635 - Use of palliative chemotherapy and targeted agents in elderly patients with metastatic colorectal cancer (mCRC)

Date 28 September 2012
Event ESMO Congress 2012
Session Publication Only
Topics Anticancer agents
Geriatric Oncology
Colon and Rectal Cancer
Biological Therapy
Presenter Winson Cheung
Authors W.Y. Cheung, D. Renouf, H. Lim, H. Kennecke
  • Medical Oncology, British Columbia Cancer Agency, V5Z4E6 - Vancouver/CA



Elderly patients are increasingly diagnosed with advanced cancers, but they are consistently underrepresented in clinical trials, which may lead to undertreatment. Our aims were to 1) evaluate the impact of advanced age on patterns of first-line chemotherapy and bevacizumab use in mCRC, 2) examine the reasons for treatment choices and 3) compare adverse events and treatment discontinuations in elderly vs young patients.

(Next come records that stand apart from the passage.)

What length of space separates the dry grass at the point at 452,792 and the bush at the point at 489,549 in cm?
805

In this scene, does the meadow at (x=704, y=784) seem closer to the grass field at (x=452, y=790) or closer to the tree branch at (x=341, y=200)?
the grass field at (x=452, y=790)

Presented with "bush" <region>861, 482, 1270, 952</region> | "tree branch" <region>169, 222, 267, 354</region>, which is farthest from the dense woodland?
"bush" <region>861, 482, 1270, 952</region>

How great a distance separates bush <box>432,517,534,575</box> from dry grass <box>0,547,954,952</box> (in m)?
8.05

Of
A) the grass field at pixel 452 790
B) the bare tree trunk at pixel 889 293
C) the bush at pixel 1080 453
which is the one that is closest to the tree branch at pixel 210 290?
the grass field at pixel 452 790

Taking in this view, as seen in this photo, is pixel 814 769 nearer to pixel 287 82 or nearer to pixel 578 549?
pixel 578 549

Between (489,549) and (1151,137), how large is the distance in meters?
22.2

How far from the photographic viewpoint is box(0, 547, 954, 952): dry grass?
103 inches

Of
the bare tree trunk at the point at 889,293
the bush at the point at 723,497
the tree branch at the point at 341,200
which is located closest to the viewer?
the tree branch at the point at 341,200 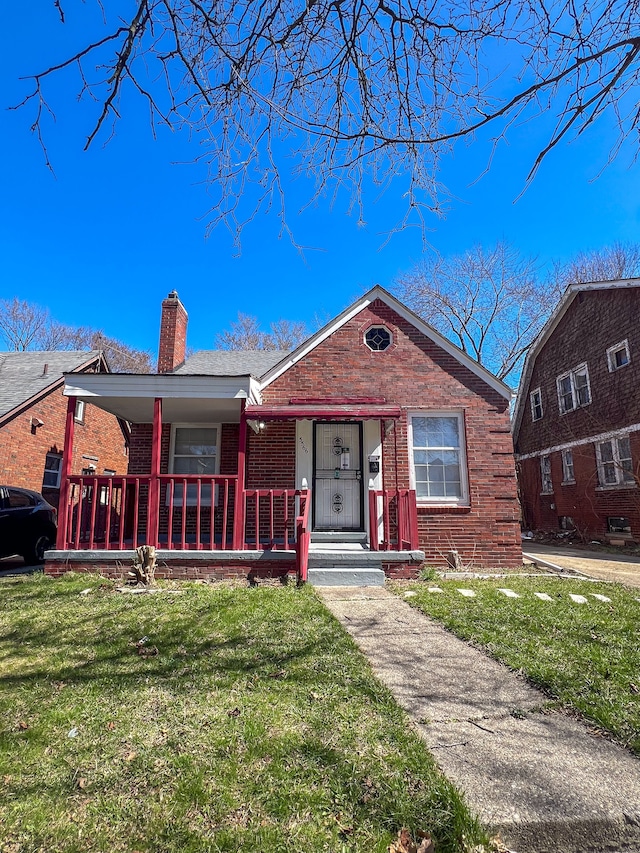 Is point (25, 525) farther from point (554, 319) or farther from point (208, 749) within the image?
point (554, 319)

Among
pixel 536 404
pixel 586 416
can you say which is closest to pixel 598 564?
pixel 586 416

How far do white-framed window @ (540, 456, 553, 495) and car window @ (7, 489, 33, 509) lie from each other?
666 inches

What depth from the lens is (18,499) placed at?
9.50 m

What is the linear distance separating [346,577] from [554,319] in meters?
14.3

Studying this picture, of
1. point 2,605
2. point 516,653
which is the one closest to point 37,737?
point 516,653

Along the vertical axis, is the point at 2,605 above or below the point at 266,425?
below

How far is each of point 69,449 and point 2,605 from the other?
8.82ft

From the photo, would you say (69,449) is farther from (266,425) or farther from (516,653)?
(516,653)

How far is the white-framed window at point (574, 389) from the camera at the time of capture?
1513 centimetres

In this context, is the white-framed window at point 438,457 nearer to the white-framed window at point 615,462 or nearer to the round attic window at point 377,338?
the round attic window at point 377,338

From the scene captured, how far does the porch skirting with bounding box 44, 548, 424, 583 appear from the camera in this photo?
23.1ft

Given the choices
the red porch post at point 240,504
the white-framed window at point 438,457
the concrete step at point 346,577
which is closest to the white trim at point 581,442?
the white-framed window at point 438,457

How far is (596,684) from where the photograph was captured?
3047 millimetres

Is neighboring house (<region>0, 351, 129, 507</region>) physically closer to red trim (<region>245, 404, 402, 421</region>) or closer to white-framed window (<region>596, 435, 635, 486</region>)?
red trim (<region>245, 404, 402, 421</region>) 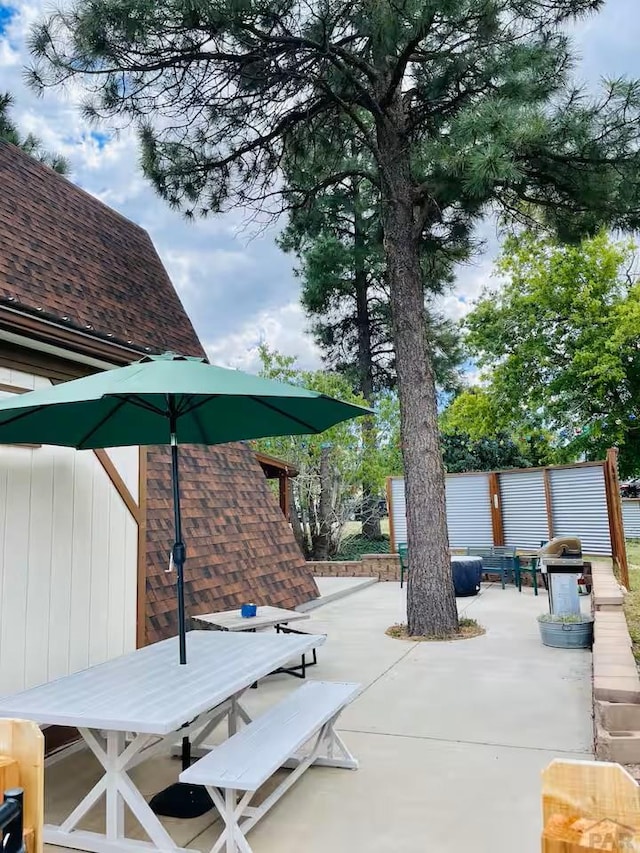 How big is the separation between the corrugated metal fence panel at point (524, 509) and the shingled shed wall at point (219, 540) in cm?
464

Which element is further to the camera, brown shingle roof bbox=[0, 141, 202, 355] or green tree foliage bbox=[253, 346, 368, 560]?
green tree foliage bbox=[253, 346, 368, 560]

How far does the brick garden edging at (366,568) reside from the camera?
12883 millimetres

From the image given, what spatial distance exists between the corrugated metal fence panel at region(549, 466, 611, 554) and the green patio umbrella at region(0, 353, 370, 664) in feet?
26.2

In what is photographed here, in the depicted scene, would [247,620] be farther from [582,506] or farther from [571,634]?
[582,506]

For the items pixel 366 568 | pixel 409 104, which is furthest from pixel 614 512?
pixel 409 104

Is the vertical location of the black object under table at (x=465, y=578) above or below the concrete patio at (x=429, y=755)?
above

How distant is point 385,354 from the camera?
64.5 ft

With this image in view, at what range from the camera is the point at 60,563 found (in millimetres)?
4113

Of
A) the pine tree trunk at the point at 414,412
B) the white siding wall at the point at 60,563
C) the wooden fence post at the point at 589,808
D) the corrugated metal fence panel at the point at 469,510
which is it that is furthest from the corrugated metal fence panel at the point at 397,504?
the wooden fence post at the point at 589,808

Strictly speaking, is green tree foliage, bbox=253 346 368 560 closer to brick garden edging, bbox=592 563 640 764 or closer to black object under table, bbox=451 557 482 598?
black object under table, bbox=451 557 482 598

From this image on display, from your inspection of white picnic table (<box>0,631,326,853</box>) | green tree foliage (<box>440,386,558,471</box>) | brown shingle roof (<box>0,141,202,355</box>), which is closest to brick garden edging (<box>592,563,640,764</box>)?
white picnic table (<box>0,631,326,853</box>)

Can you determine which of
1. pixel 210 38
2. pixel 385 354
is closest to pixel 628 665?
pixel 210 38

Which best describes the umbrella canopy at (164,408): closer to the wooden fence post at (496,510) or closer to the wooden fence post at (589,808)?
the wooden fence post at (589,808)

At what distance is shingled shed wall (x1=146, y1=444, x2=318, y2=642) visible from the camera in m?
6.76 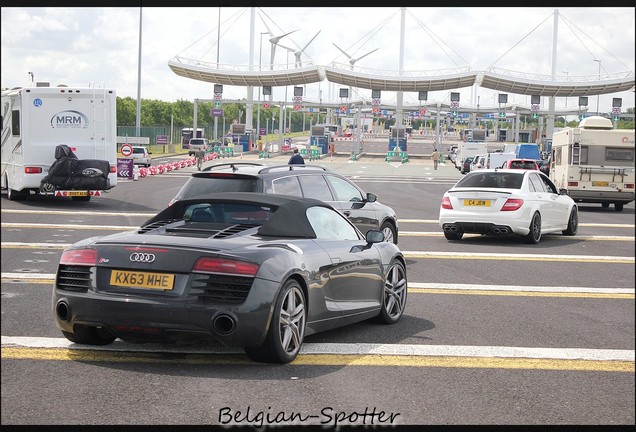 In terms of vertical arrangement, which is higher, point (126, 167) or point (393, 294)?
point (393, 294)

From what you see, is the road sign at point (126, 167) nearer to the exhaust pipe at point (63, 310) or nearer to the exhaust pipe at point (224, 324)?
the exhaust pipe at point (63, 310)

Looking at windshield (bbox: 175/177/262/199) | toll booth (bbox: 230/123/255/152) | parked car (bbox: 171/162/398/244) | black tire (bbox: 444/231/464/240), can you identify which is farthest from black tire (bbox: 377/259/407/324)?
toll booth (bbox: 230/123/255/152)

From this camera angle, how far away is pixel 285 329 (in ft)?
24.3

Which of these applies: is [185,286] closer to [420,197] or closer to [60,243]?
[60,243]

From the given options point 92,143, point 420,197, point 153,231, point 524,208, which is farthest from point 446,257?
point 420,197

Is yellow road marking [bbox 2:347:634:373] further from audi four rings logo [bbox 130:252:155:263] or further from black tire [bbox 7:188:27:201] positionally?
black tire [bbox 7:188:27:201]

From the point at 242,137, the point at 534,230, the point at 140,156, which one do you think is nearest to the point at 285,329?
the point at 534,230

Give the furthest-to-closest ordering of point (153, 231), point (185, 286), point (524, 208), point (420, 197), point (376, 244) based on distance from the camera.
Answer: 1. point (420, 197)
2. point (524, 208)
3. point (376, 244)
4. point (153, 231)
5. point (185, 286)

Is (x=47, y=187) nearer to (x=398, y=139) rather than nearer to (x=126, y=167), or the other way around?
(x=126, y=167)

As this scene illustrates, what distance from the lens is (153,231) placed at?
802 cm

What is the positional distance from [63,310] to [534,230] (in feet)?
41.7

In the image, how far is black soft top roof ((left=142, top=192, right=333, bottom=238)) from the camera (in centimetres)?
814

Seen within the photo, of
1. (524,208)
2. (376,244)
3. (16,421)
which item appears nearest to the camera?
(16,421)

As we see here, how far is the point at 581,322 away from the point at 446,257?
6.25 meters
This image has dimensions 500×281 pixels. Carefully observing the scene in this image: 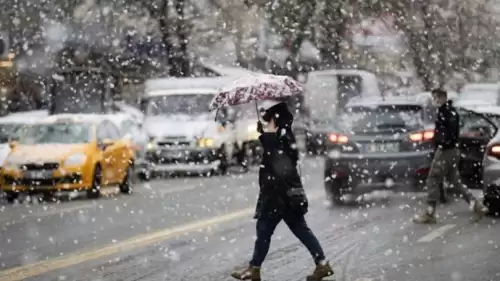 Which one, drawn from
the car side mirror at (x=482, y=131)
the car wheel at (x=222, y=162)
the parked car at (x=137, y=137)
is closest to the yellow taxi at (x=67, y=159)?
the parked car at (x=137, y=137)

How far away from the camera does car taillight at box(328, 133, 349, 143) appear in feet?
51.5

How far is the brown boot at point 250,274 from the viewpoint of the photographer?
866 cm

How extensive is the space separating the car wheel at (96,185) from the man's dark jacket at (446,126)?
752 centimetres

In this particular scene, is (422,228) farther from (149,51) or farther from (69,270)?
(149,51)

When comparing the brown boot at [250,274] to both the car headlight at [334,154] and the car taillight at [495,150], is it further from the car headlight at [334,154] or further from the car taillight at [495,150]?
the car headlight at [334,154]

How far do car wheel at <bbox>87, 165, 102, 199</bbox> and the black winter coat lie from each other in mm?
10353

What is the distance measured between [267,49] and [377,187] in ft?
114

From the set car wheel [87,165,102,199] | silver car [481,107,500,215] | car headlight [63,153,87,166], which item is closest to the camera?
silver car [481,107,500,215]

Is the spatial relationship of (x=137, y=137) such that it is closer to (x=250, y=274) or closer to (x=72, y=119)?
(x=72, y=119)

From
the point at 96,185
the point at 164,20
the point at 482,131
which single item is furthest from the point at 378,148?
the point at 164,20

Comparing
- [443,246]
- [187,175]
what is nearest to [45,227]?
[443,246]

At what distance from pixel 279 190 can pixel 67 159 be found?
1030 centimetres

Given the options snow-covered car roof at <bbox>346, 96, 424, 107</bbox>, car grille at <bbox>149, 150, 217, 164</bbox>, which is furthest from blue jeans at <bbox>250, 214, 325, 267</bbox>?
car grille at <bbox>149, 150, 217, 164</bbox>

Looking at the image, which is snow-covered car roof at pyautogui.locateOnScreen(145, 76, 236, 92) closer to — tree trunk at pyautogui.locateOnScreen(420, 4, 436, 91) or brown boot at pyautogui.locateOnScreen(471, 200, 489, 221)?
brown boot at pyautogui.locateOnScreen(471, 200, 489, 221)
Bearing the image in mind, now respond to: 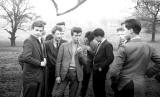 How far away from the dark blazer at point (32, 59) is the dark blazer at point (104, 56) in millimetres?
1843

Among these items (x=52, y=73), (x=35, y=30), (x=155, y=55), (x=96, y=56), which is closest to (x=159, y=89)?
(x=96, y=56)

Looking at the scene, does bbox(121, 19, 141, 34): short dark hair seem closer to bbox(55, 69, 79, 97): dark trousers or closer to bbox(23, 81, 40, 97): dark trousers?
bbox(55, 69, 79, 97): dark trousers

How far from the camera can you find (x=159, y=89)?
8.25 metres

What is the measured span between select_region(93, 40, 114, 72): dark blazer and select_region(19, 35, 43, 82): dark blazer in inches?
72.5

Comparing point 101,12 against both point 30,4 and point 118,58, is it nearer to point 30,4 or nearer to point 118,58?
point 30,4

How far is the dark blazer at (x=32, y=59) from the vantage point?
442cm

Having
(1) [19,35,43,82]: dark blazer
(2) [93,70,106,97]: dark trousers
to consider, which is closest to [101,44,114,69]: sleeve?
(2) [93,70,106,97]: dark trousers

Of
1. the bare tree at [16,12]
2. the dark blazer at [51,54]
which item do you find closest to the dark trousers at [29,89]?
the dark blazer at [51,54]

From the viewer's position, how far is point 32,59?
4395 mm

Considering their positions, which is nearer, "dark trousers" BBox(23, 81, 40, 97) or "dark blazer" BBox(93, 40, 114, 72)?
"dark trousers" BBox(23, 81, 40, 97)

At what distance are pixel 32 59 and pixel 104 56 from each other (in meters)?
2.25

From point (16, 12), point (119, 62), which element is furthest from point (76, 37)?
point (16, 12)

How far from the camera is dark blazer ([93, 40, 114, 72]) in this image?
5.96m

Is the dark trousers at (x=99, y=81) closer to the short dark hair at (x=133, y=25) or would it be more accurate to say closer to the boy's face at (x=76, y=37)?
the boy's face at (x=76, y=37) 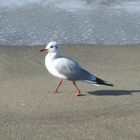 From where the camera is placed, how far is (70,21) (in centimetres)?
907

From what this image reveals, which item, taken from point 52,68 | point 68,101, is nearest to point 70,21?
point 52,68

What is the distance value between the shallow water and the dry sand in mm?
760

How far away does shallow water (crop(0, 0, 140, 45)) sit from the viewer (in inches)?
328

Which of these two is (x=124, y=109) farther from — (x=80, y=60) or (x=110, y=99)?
(x=80, y=60)

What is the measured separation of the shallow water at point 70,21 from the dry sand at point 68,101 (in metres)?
0.76

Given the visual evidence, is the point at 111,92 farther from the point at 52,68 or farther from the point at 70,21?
the point at 70,21

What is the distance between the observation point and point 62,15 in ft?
30.8

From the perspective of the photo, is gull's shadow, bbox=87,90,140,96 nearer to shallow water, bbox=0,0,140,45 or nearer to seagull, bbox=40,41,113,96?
seagull, bbox=40,41,113,96

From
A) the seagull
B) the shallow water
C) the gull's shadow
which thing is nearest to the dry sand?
the gull's shadow

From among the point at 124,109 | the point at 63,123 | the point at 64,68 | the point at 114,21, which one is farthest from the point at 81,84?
the point at 114,21

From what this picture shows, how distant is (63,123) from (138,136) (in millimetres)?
688

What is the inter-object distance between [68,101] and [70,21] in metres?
3.66

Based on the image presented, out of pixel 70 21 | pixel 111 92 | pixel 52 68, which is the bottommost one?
pixel 70 21

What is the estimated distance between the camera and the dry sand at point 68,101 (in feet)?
15.5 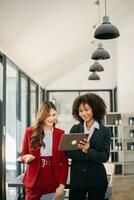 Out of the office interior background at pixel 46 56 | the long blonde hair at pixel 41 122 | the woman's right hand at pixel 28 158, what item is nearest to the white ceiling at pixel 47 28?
the office interior background at pixel 46 56

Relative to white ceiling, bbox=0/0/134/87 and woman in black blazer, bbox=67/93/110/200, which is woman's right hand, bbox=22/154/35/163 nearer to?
woman in black blazer, bbox=67/93/110/200

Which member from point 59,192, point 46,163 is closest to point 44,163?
point 46,163

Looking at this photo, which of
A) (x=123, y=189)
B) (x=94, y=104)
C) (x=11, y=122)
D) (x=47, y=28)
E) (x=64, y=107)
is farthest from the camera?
(x=64, y=107)

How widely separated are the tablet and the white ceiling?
2620 mm

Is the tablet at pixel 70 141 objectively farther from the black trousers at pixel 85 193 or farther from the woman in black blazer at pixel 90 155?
the black trousers at pixel 85 193

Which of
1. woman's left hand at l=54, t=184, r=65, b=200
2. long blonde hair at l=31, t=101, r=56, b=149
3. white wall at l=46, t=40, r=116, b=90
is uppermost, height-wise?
white wall at l=46, t=40, r=116, b=90

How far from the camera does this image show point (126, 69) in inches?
372

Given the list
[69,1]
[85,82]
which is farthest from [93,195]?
[85,82]

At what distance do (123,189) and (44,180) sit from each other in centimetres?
486

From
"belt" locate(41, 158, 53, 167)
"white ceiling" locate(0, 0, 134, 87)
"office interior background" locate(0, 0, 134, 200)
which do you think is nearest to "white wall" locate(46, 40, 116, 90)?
"office interior background" locate(0, 0, 134, 200)

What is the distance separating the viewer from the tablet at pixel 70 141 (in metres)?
2.21

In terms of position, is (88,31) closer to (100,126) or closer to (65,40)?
(65,40)

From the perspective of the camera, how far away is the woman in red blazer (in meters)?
2.35

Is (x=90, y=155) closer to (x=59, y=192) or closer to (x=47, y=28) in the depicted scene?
(x=59, y=192) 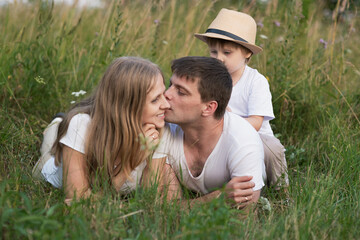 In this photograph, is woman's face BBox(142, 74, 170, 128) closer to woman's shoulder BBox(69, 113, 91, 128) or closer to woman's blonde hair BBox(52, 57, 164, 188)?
woman's blonde hair BBox(52, 57, 164, 188)

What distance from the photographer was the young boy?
3.28 m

A random sample of mCRC patients diagnosed from 2006 to 2007 and referred to any 1 of 5 regional cancer centers in British Columbia, Canada was reviewed. Summary statistics were used to describe treatment patterns between the elderly (>/ = 70 years) and young (<70 years). Cox regression was used to determine the effect of systemic therapy on overall survival, controlling for age and confounders.


We identified 800 patients: 43% elderly and 57% young; 56% men; and 26 / 36 / 38% ECOG 0 / 1 / 2 + , respectively. Fewer elderly patients were given chemotherapy (52% vs 79%, p < 0.001). Among those treated, most common first-line palliative regimens for elderly vs young included: capecitabine (50 vs 15%), FOLFIRI (26 vs 38%), and FOLFOX (15 vs 37%) (all p<0.001). Those aged >/ = 70 were also less likely to receive bevacizumab in their regimens (22 vs 50%, p < 0.001). The most frequent reasons for no systemic therapy were similar between age groups: patient choice (31 vs 28%), poor ECOG (16 vs 17%), and significant co-morbidity (11 vs 13%). Risk of chemotherapy (p = 0.30) and bevacizumab (p = 0.39) adverse events were comparable between elderly and young as were rates of early chemotherapy (p = 0.07) and bevacizumab (p = 0.79) discontinuation. Receipt of systemic therapy +/- bevacizumab was associated with improved survival from mCRC (HR for death 0.50, 95% CI 0.31-0.62, p < 0.001), regardless of advanced age (p interaction for age and treatment = 0.33).


Elderly patients with mCRC are more likely to receive no chemotherapy, capecitabine monotherapy, or a regimen without bevacizumab. However, in carefully selected elderly patients, adverse events, treatment discontinuations, and overall survival benefit from treatment appear similar to those observed for younger patients.


All authors have declared no conflicts of interest.